Ensuite, il faudrait s’assurer que le projet cadre avec les autres « priorités gouvernementales ». Par exemple, comment le troisième lien va-t-il s’intégrer avec la stratégie de lutte contre le réchauffement climatique du Québec ? Mais à cette question, Bernard Drainville, le candidat caquiste dans la circonscription de Lévis, répond sans détour : « Lâchez-moi avec les GES ».

Ce n’est pas sérieux.

Enfin, toujours selon la même directive, il faudrait démontrer que « toutes les solutions, quelle que soit leur nature, ont été évaluées » pour répondre aux besoins ciblés. Par exemple, une navette fluviale de qualité pourrait-elle faire partie de la solution ? Ou encore le recours à la gestion dynamique de la circulation aux heures de pointe sur les ponts actuels ?

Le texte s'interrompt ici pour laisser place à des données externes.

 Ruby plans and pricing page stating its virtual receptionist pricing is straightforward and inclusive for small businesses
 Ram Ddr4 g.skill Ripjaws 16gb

Mais pour la CAQ, c’est le troisième lien. Point. Un avant-projet ? Au diable !

À la place, le gouvernement s’est déjà mis à forer au milieu du fleuve pour valider les caractéristiques du sol en vue de la construction du tunnel. Vu des deux rives, ça fait un beau spectacle en pleine campagne électorale !

Bref, la CAQ fait tout à l’envers. Malheureusement, c’est la recette à suivre pour que le projet se termine avec une explosion des coûts.

Tous les ingrédients sont là : annonce prématurée sans estimation préliminaire des coûts, définition incomplète des besoins qui changent en cours de route, études insuffisantes, échéanciers accélérés en phase de planification…

Cette liste d’écueils à éviter est tirée du rapport que deux firmes indépendantes, Secor et KPMG, avaient soumis à Québec, il y a dix ans, pour éviter le dérapage financier des projets d’infrastructures.

Si on ne veut pas retomber dans ces ornières, il faut sortir le troisième lien des dogmes.

Des candidates comme Martine Biron et Caroline St-Hilaire ont fait leur profession de foi en faveur du troisième lien en se lançant en politique pour la CAQ. Elles qui ne s’étaient pas gênées pour critiquer le projet dans les médias chantent maintenant ses louanges en chœur.

Il faut croire qu’elles ont eu l’appel…

Mais de grâce, les électeurs doivent rester les pieds sur terre. Le troisième lien n’est pas une religion. C’est un projet d’infrastructure majeur qui doit reposer sur des études sérieuses et indépendantes, pas sur un engagement partisan repêché des radios poubelles de Québec.